Bu kış. Exage'de, neydi o, ultegra'mıydı, öyle bir şey. İkisi de benim değildi. Birisi bildiğim exage, aha şimdi dağılacak, yok birazdan patlayacak diye içim kıpırdadı durdu. Kendi malım olsa gam yememde, arkadaşa ayıp olacak diye... 2 yıl filan oldu, exage'leri, dikkat et, bir tane değil 3 taneydiler, elden çıkaralı.
Koy tabi. Koyamazsın demiyorum, dikkat et. Koy. Koy, herkes görsün neyin ne olduğunu, tercih edecek adam da ona göre etsin, ezbere değil.

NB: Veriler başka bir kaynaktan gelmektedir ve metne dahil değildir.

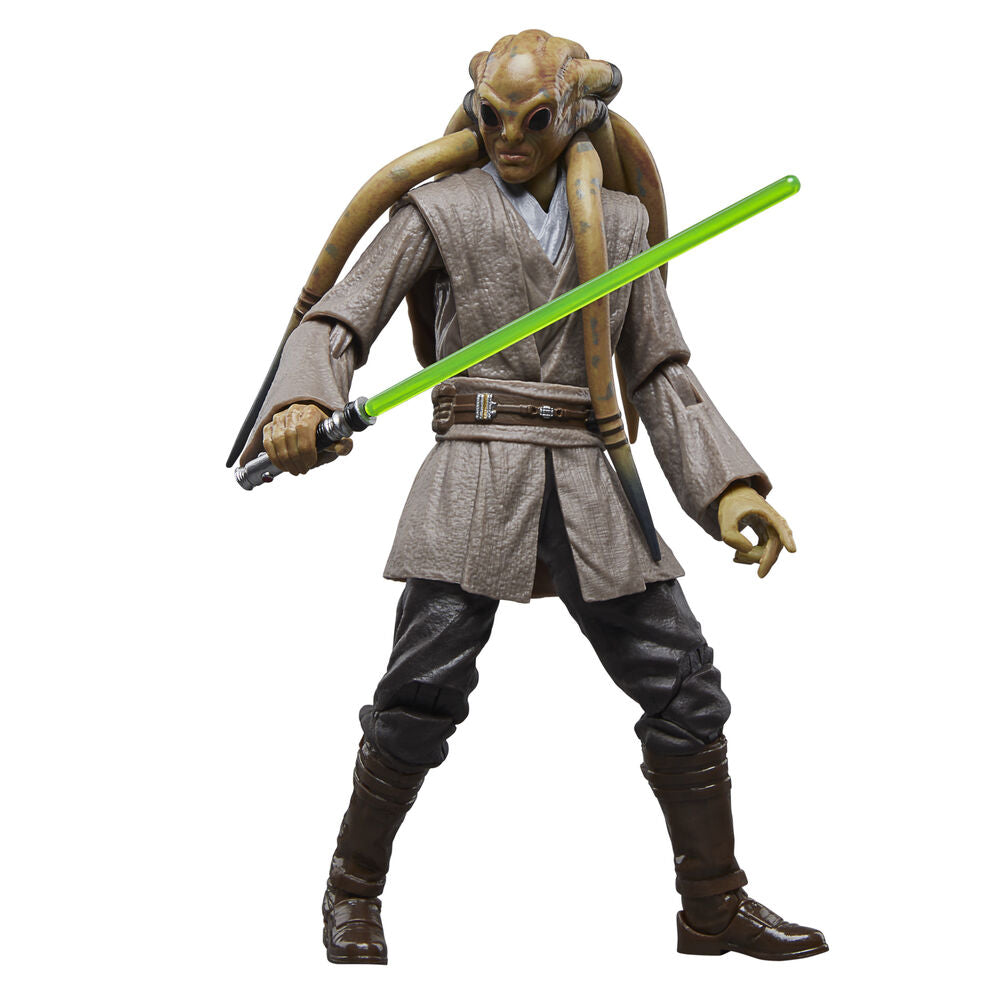 Star Wars Episode III Black Series Figura 20th Anniversary Kit Fisto 15 cm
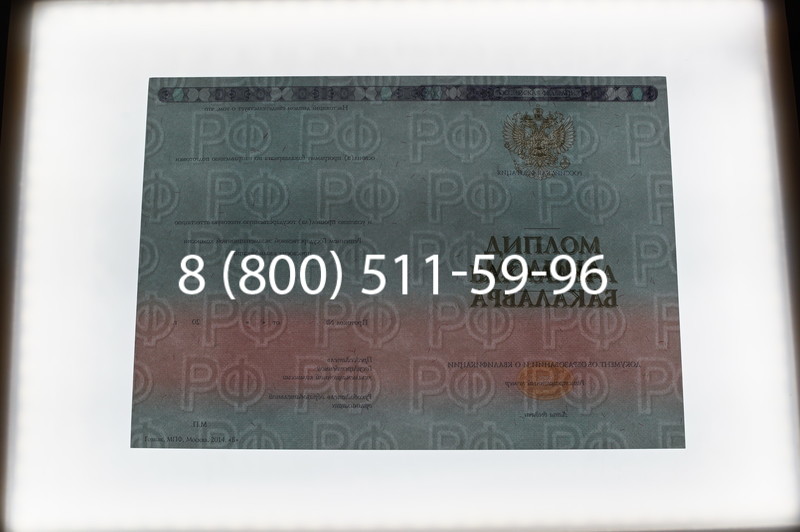 Заказать Диплом бакалавра 2014-2026 года в Омске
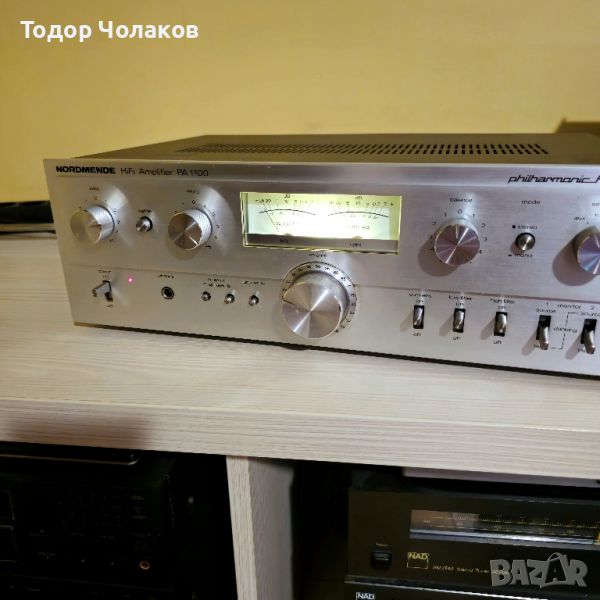 Nordmende PA 1100 /Made in Japan , снимка 1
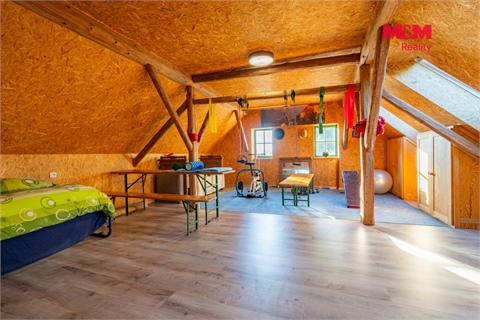 Prodej rodinného domu, 245 m² - 18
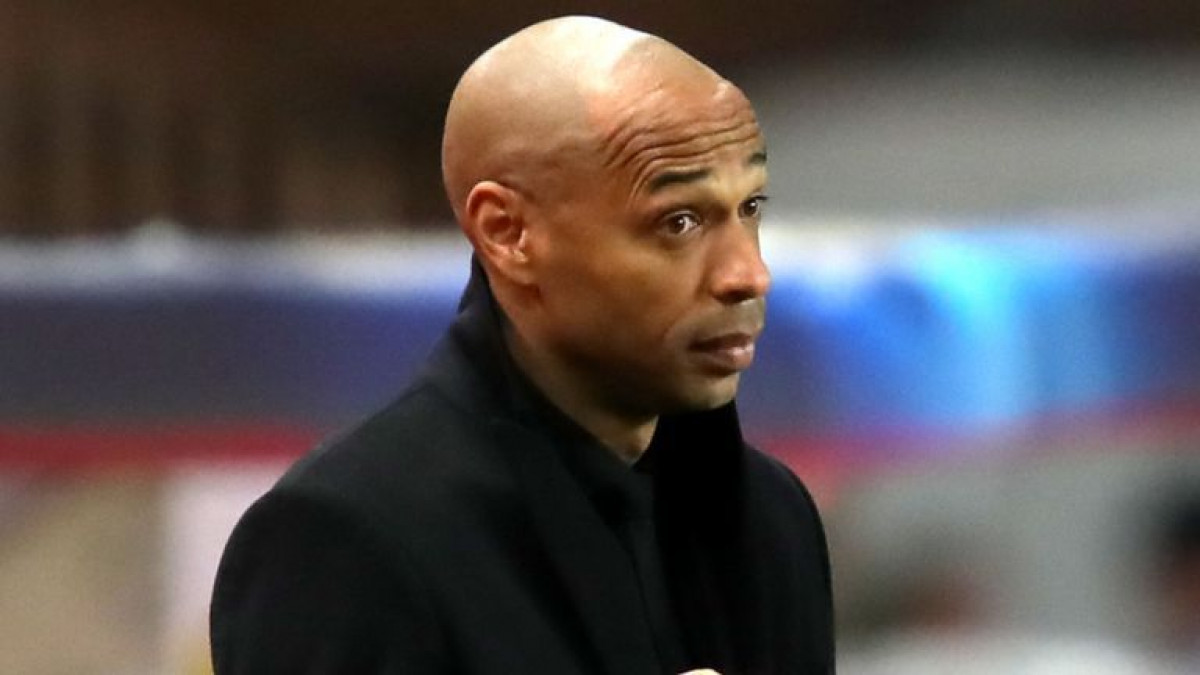 Thierry Henry našao novi posao nakon što se obrukao u Monacu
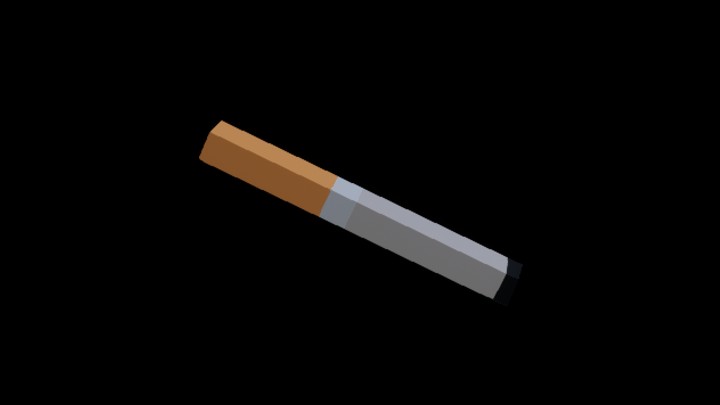 UE项目资源_模型资源_烟003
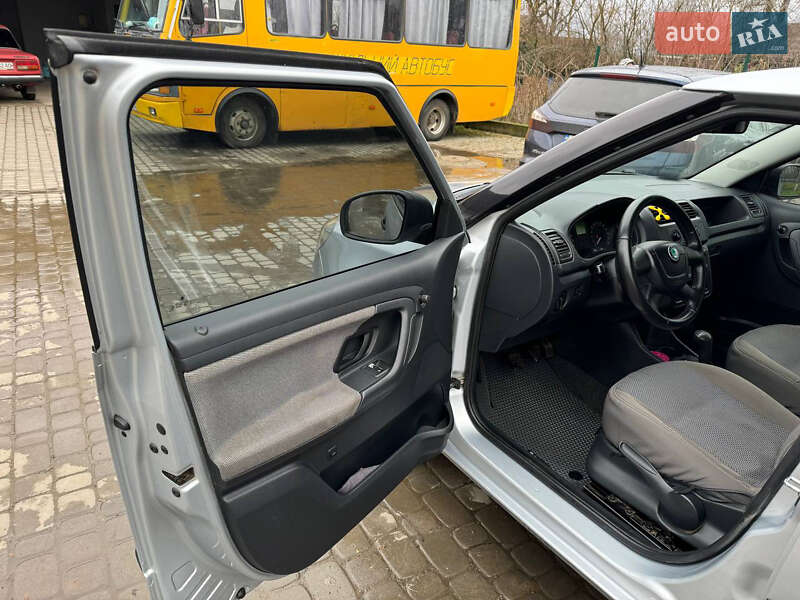 Універсал Skoda Fabia 2012 в Заболотові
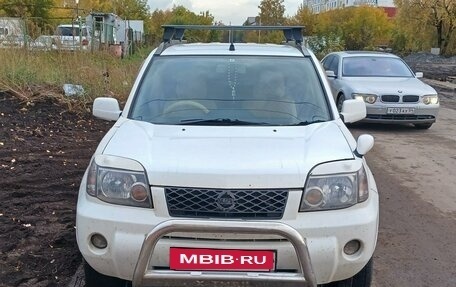 Nissan X-Trail, 2000 год, 640 000 рублей, 3 фотография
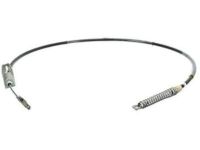 OEM 2002 Ford E-350 Super Duty Rear Cable - 1C2Z-2A635-AA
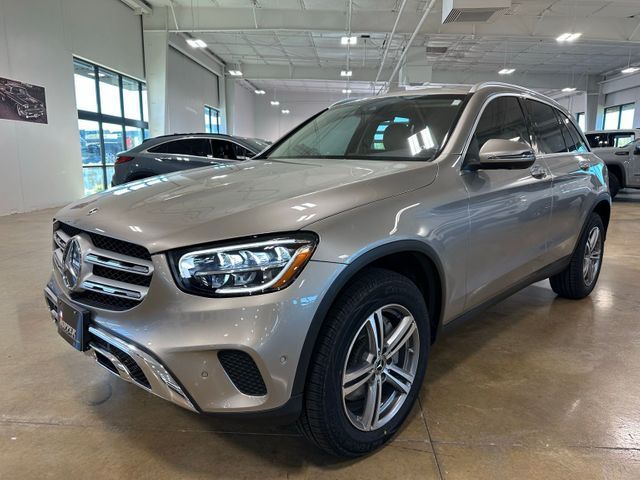 2022 Mercedes-Benz GLC 300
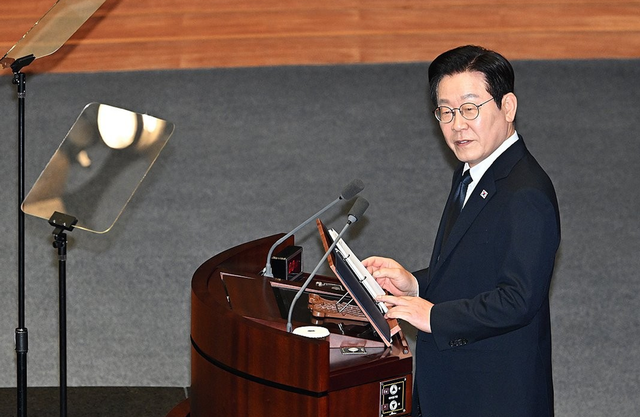 李在明押注728万亿韩元，赌上了韩国的国运与历史机遇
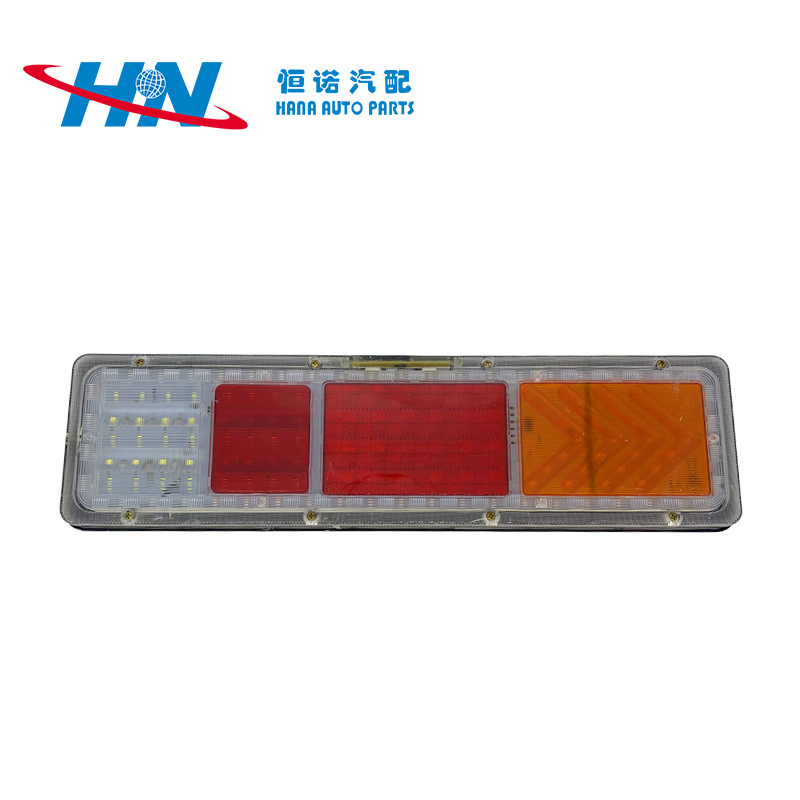 Luz trasera del coche luz trasera del camión nuevo LED luz trasera del coche Luz de tira del coche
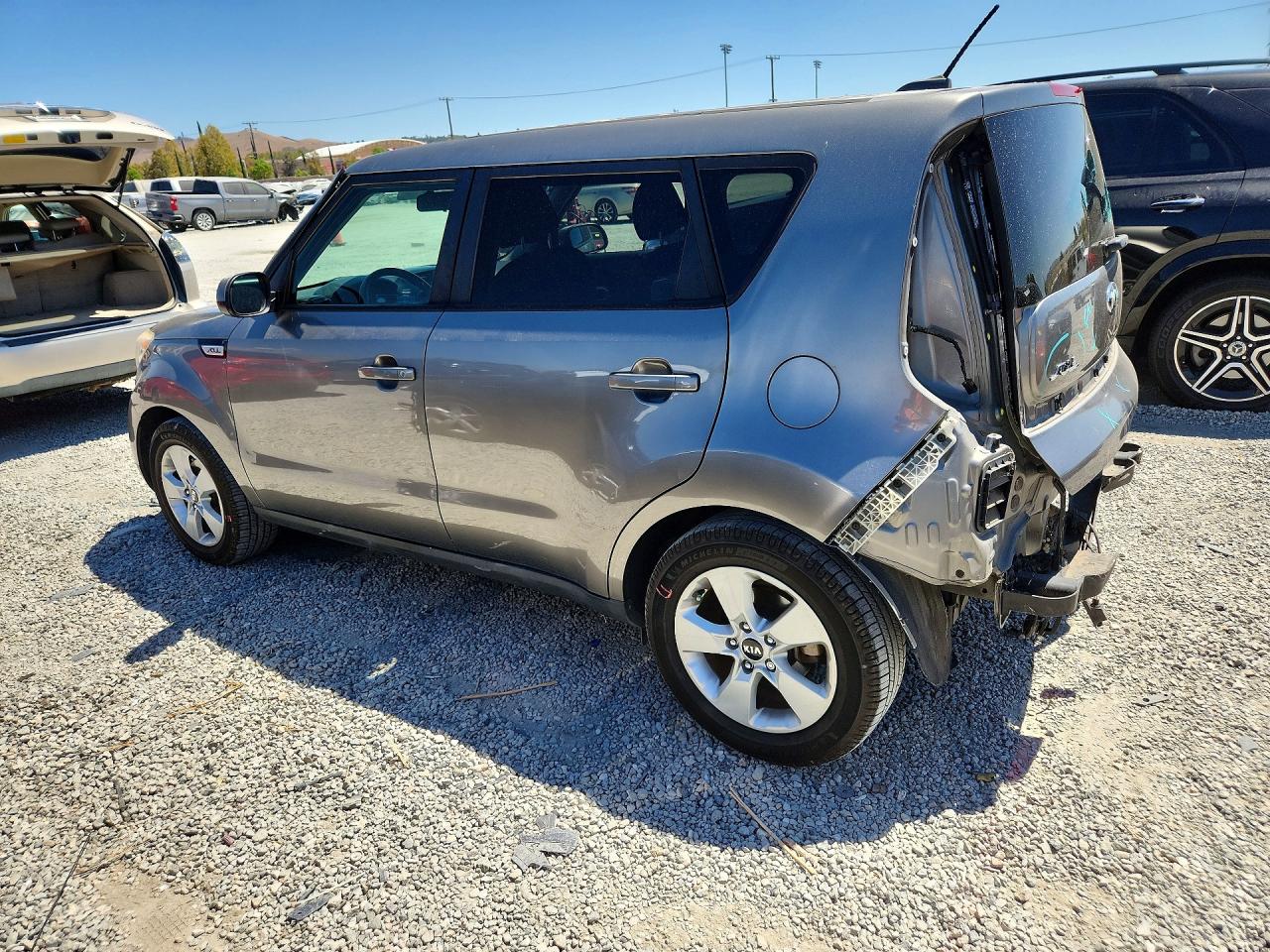 2018 KIA SOUL BASE — снимка 2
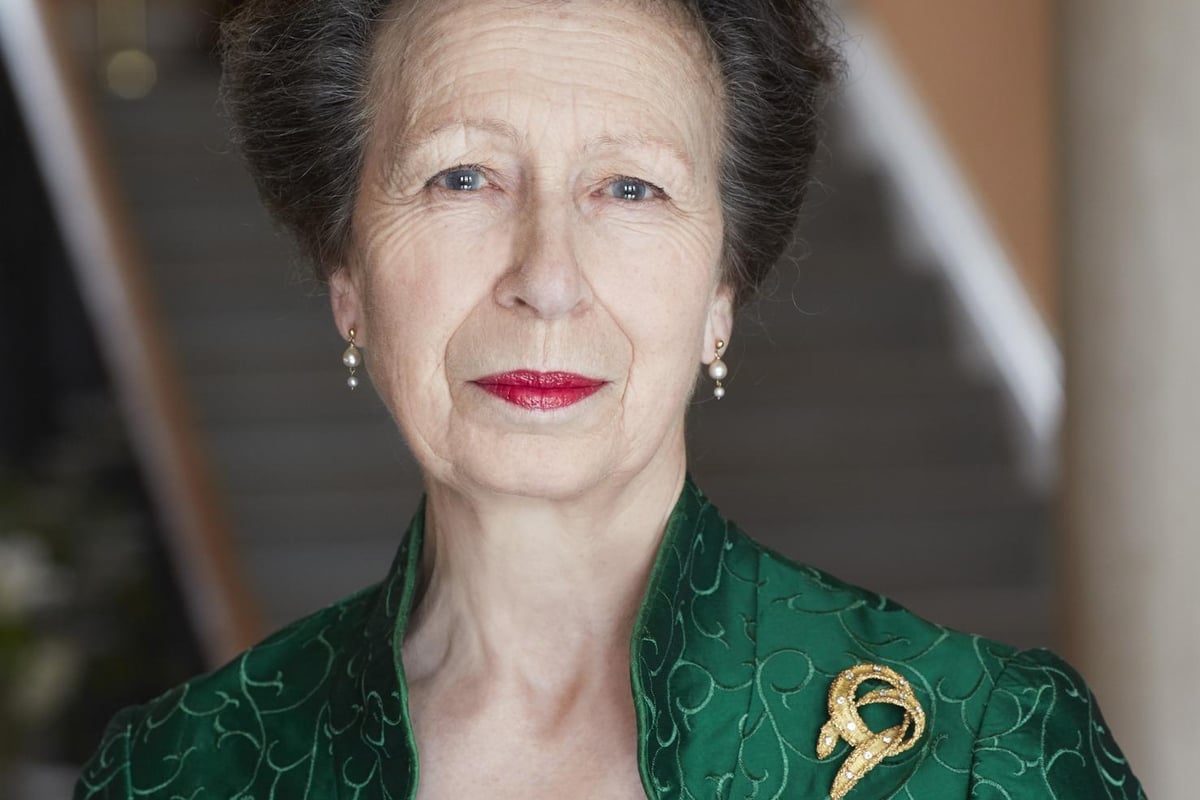 Princess Royal: Anne becomes patron of Glasgow Caledonian University in 'poignant' decision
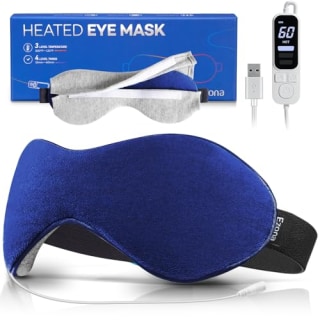 Ezona Heated Eye Mask for Dry Eyes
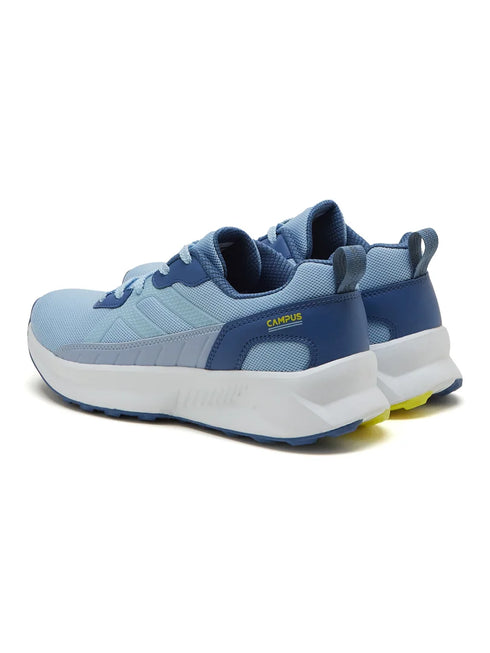 TRED Blue Men's Running Shoes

Bilmem ne marka kötü olunca, senin exage'n veya başkası iyi oluvermez haluk abi. Şu şu marka kötüyse, o ve bu birlikte kötüdür, hep birlikte gider iyisi var mı bakarız. Hiç bir markanın ne tavuğuma kışt demişliği, ne bir avuç mısır serpmişliği var.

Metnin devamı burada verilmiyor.